November 29, 2024
BANGOR DAILY NEWS (BANGOR, MAINE

Half the mystery behind the funding of those opposing the Compact for Maine’s Forests has been cleared up. Jonathan Carter, leader of the Forest Ecology Network and an opponent of the compact, can answer the other half by clarifying fair questions about a recent election filing.

S. Donald Sussman of Greenwich, Conn., announced Saturday that he was the person behind the recent $150,000 donation. Mr. Sussman runs an investment partnership called Paloma Partners, with $1.5 billion in assets. Until this weekend, he had chosen to remain anonymous, putting Mr.
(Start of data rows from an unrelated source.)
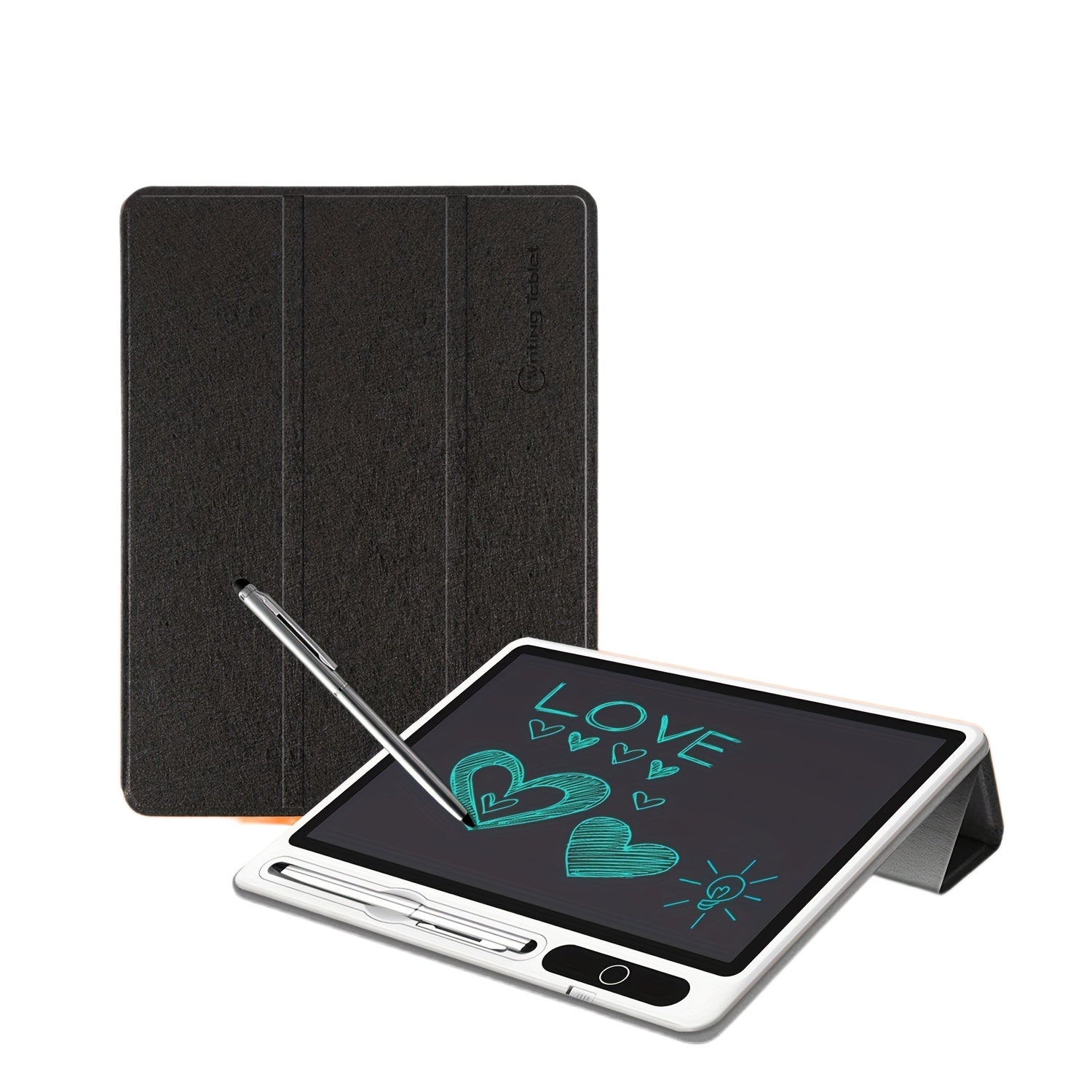 10-Inch LCD Writing Tablet with Leather Case – Digital Memo - Clickilix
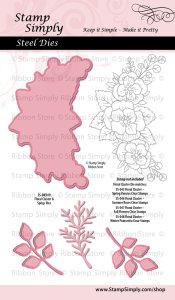Stamp Simply Steel Dies - Floral Cluster and Sprigs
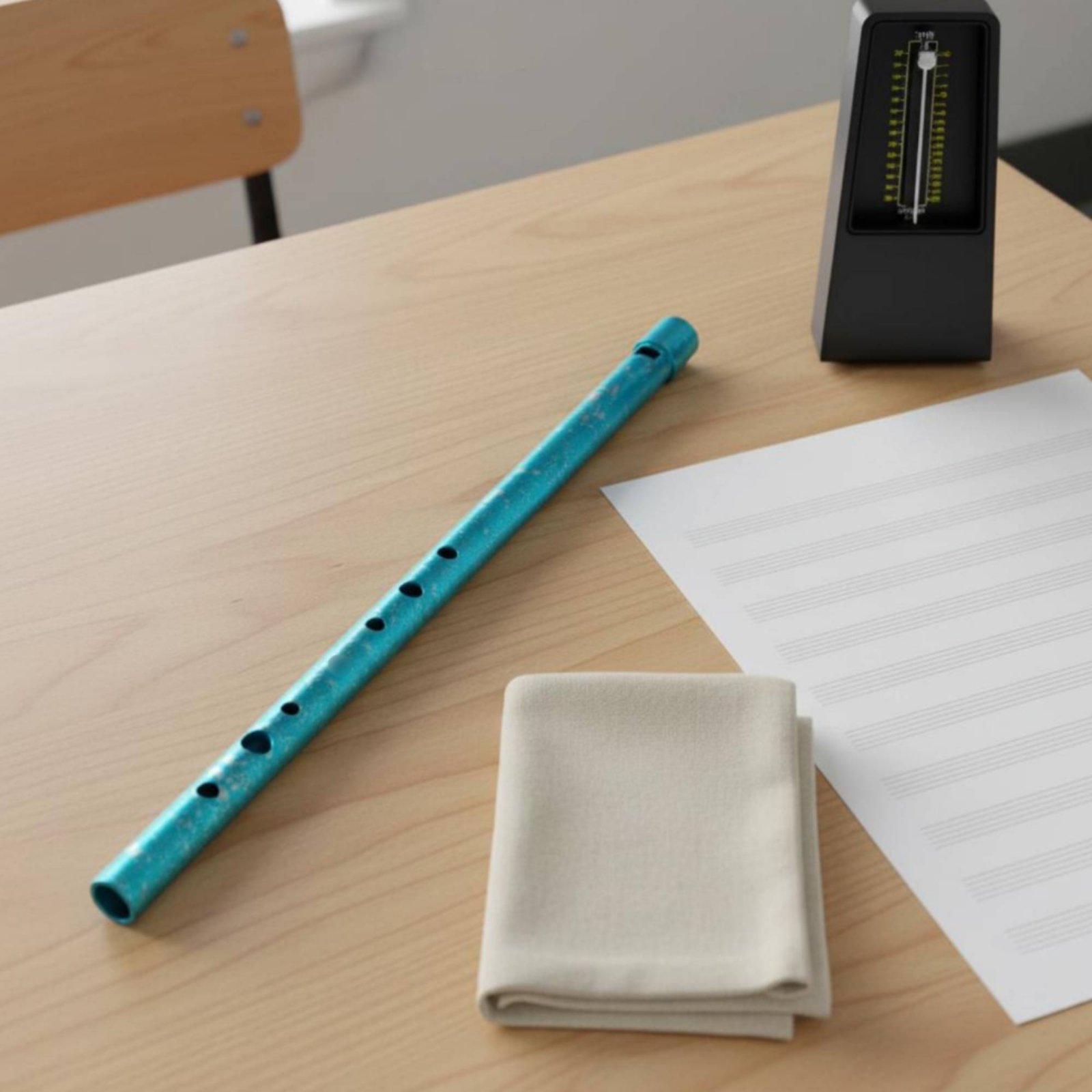 Tin Whistle Flute - Flauta Irlandesa de Metal para Ensino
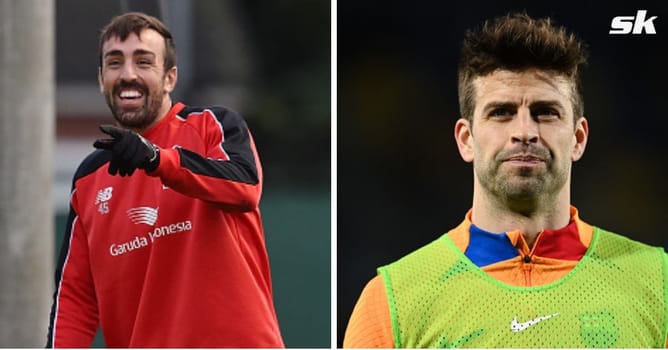 Former Liverpool player Jose Enrique trolls Barcelona's Pique by posting meme on Twitter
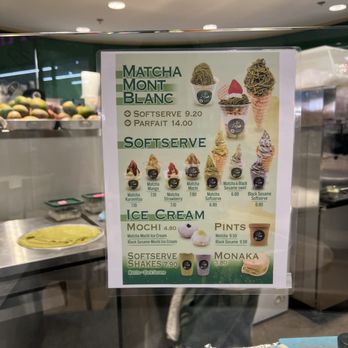 Matcha Ren - Menu 1 - Ice Cream & Frozen Yogurt Near Me - Costa Mesa, California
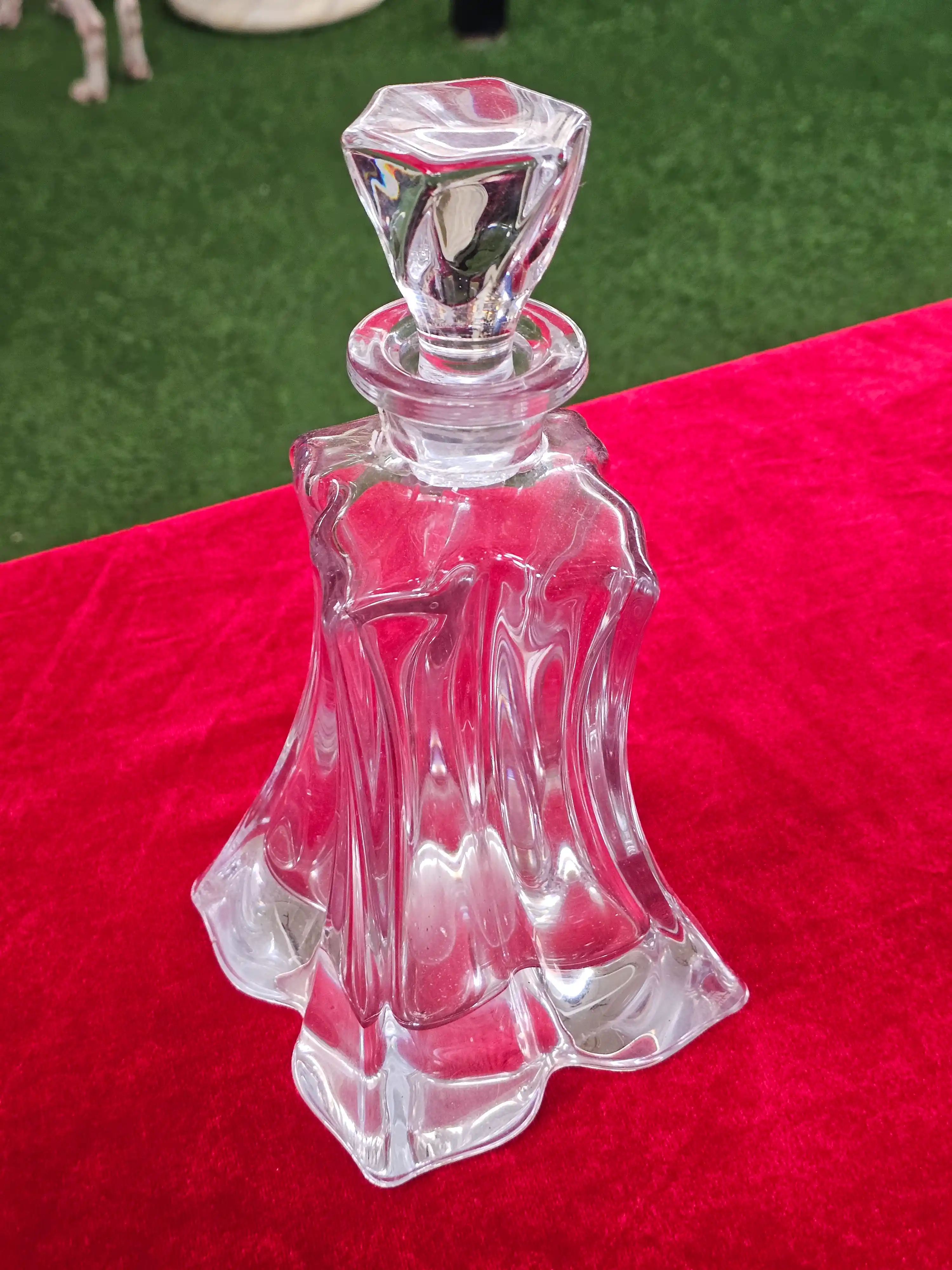 Draped-Form Crystal Decanter — photo 2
Carter — a vocal advocate for campaign-finance reform — in the unusual role of defending a faceless, out-of-state company.

Now they can finish this issue and bring the focus back to forestry by explaining how the campaign knew in September that the advertising money was coming, but did not report the contribution on the last filing at the end of that month. Maine’s campaign laws require that pledged as well as received money be reported. And it is understandable that an investment manager of means would want to spend money on a cause he believes in, but why hide behind lawyers and a corporation?

It is important to clear up this issue because more money is rolling into the anti-compact campaigns. Mr. Sussman’s new political-action committee has assets of approximately $580,000 and has prepared new ads through Public Media Center of San Francisco. The ad currently being shown, designed through a Massachusetts firm, urges Mainers to reject the compact because it is too hard for them to figure out. Whether Maine residents are bright enough to read a forestry bill should not be the focus of the campaign. Nor, for that matter, should campaign funding sources.

There are important forestry issues to be debated: well-intentioned residents on all sides of this question want to talk about what the compact would or would not do. That does not mean the state should ignore the hundreds of thousands of dollars being spent to defeat it. Instead, opponents need to answer the remaining questions and move the debate back to the forests.